Low attendance at Trump's event in Tulsa, Okla., on Saturday (only 6,200 of the venue's 19,000 seats were occupied) made headlines and overshadowed the president's comeback message. But on Tuesday, he recast that rally as a roiling success, calling it the "number one show in Fox history for a Saturday night."

Speaking to the young audience at a local megachurch, Trump tapped into campus culture wars on free speech to draw a divide between his supporters and protesters fighting against racism and police brutality following the death of George Floyd, an African American man, at the hands of a white police officer in Minneapolis. Trump declared the students in the audience as the cultural defenders of not only his movement but also of American values as a whole, portraying Democrats as intolerant and "totalitarian."

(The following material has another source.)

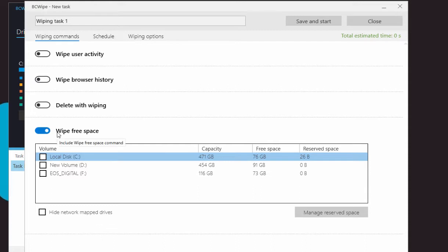To clean free space on a hard drive, BCwipe creates temporary files with a wiping pattern inside. These temporary files overwrite old data written to the disk.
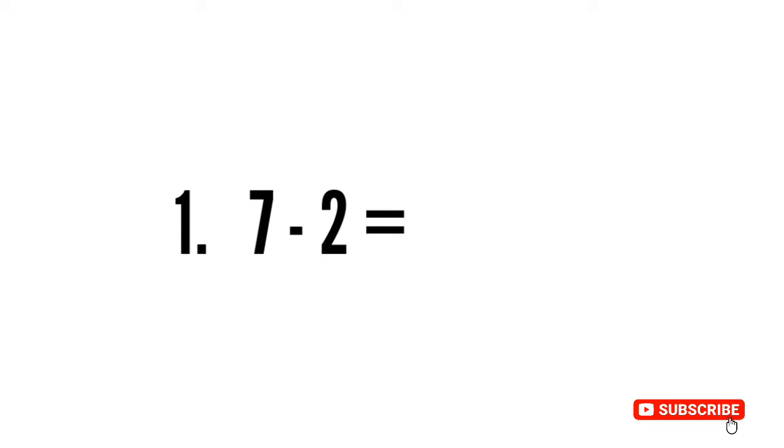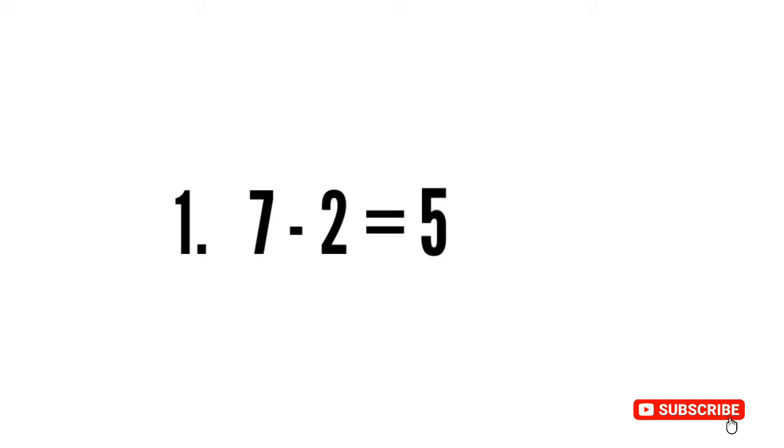Sum number one is 7 minus 2. Okay, raise your two fingers and count backward from seven. Raise your two fingers, start from seven: six, five. Seven minus two is five.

The president condemned the removal of monuments for slave owners and Confederate leaders as a destruction of American history. He called the audience "smarter" than Democrats, who he said require "absolute conformity."

"They hate our history, they hate our values," Trump said. "Because our country didn't grow great with them, it grew great with you."

The president celebrated the thwarting of an attempt to pull down a statue of Andrew Jackson in front of the White House on Monday evening, repeating his frequent new line of being a "law and order" president.

"If you give power to people that demolish monuments and attack churches and seize city streets and set fire to buildings, then nothing is sacred and nothing is safe," Trump said. "We stopped them last night."

Protesters have been targeting monuments dedicated to historical figures that have advanced slavery or colonialism, asserting they are better remembered in history books and museums than celebrated with memorials.

But Trump characterized their attempts as effacing history, telling the crowd: "The left are not trying to promote justice and equality. [They are in] the pursuit of their own political power."

The president repeated a claim he made on Monday night that those who deface public monuments would receive 10 years in prison, according to the Veteran Memorials Preservation and Recognition. The act actually caps punishment for defacing memorials for service members on public land at either 10 years in prison, a fine or both.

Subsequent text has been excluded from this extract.